Satellite image processing, atmospheric radiative transfer, remote sensing algorithms, atmospheric physical processes. Principal component analysis and dimensional reduction of high-dimensional observational datasets. Physical and empirical estimation techniques, including optimal estimation; measurement theory. Principles of stereophotogrammetry.
Techniques Grant Petty Uses:
Ad hoc, heuristic, intuitive, experimental, and/or numerical simulation.
Grant Petty's Problem Solving Skills:
satellite image analysis
scientific programming (C, Fortran, Python)
commercial UAV/drone pilot
reviewer of journal articles and science proposals
Grant Petty's Problem Solving Experience:
I developed a novel unsupervised classification algorithm based on pairwise similarities among the members of a multidimensional data set.
In the era before terabyte-sized hard disk drives, I developed a C-language program for treating an open-ended collection of sequential magnetic tapes as a virtual random-access storage device.
I wrote a Python program for automating the creation and management of invoices for online book orders.
I built a 2.6m autonomous fixed-wing drone for making meteorological measurements.
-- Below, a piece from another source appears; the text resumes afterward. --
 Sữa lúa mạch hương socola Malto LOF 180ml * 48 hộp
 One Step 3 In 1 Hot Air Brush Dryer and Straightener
I developed a new technique for estimating rainfall from satellite multifrequency microwave observations of the global atmosphere and published results showing that it performs significantly better than the then-standard algorithm.
I developed a theoretical concept for measuring the mass of falling precipitation particles using soft x-rays.
I started an independent textbook publishing business that currently ships well over 1,000 books per year, including two of my own titles and three titles by other authors.
I built and fly a manned ultralight airplane for use in meteorological research.
I published a paper presenting the first calculations of scattering of microwave energy from realistic aggregated snowflakes.
I developed a method for measuring above-surface winds by photogrammetrically tracking balloons with pro-sumer grade cameras.
As a graduate student, I wrote a 10,000+ line C custom program for interactive display and analysis of satellite microwave images.
For my Ph.D. dissertation, I developed a self-contained parametric model for the response of a particular satellite microwave radiometer to atmospheric state.